§ **WHAT TO WORK ON**
Restate word for word the lines below that run from the one holding "Wallpaper Mural Starry" through the one holding "m = I·t·Э F", inclusive. Pictures don't belong in the copy.

§ **EXTRACTED INFORMATION**
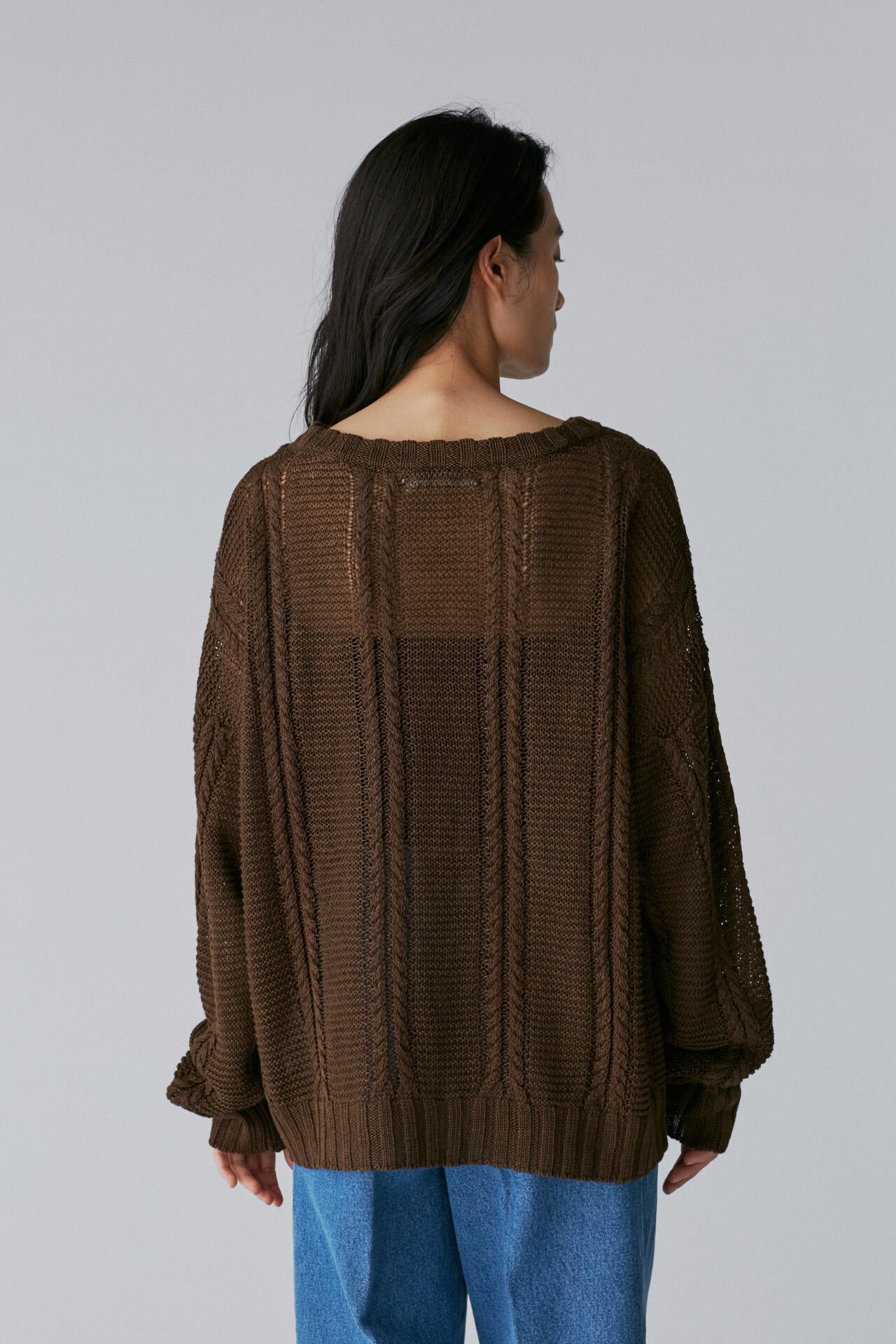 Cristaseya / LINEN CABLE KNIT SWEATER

...

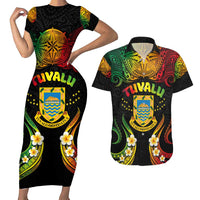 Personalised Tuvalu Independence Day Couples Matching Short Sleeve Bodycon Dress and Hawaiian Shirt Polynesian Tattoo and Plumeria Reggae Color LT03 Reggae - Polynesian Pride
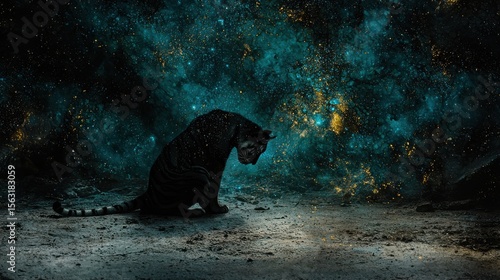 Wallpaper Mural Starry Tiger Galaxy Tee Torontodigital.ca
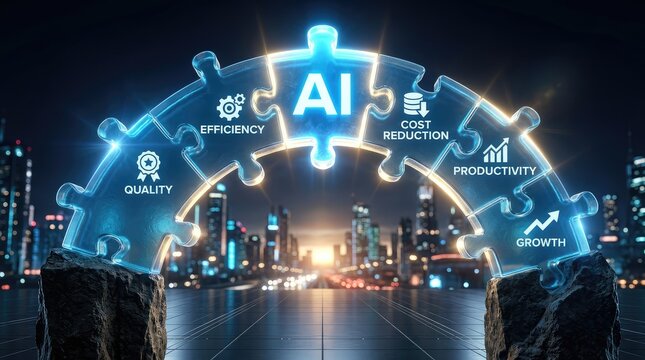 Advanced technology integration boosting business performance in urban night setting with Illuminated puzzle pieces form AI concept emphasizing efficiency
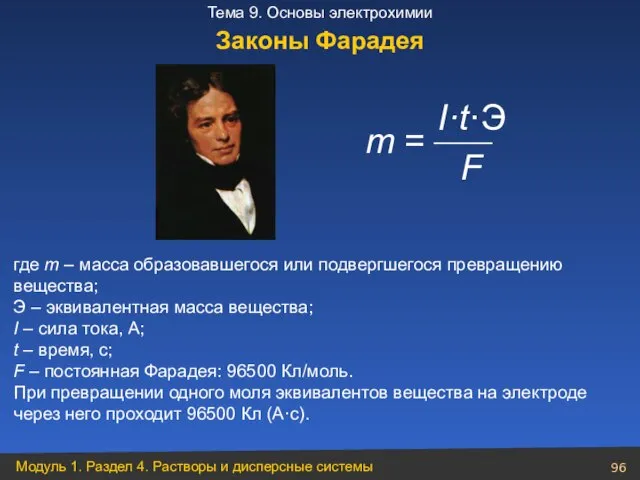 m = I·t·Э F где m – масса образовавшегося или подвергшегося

--

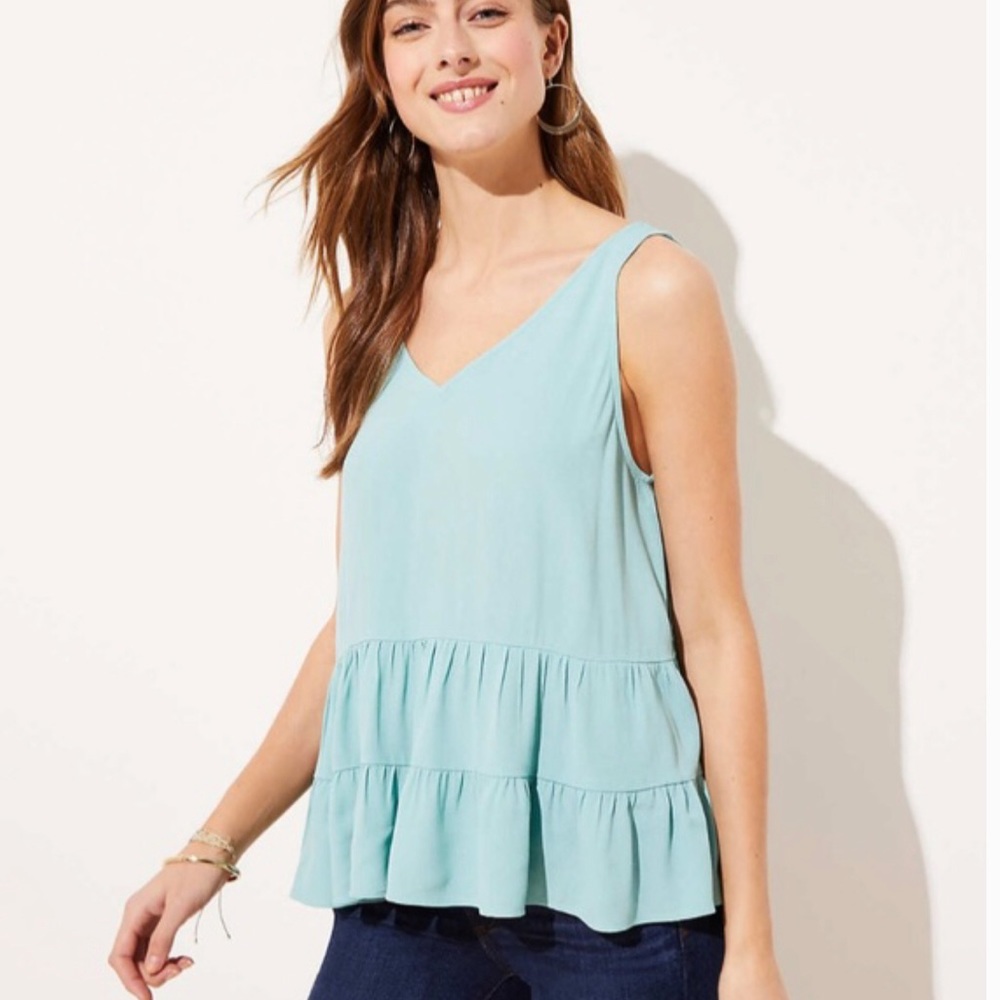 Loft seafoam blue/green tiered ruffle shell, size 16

§ **RESULT OF THE EXERCISE**
 Wallpaper Mural Starry Tiger Galaxy Tee Torontodigital.ca
 Advanced technology integration boosting business performance in urban night setting with Illuminated puzzle pieces form AI concept emphasizing efficiency
 m = I·t·Э F где m – масса образовавшегося или подвергшегося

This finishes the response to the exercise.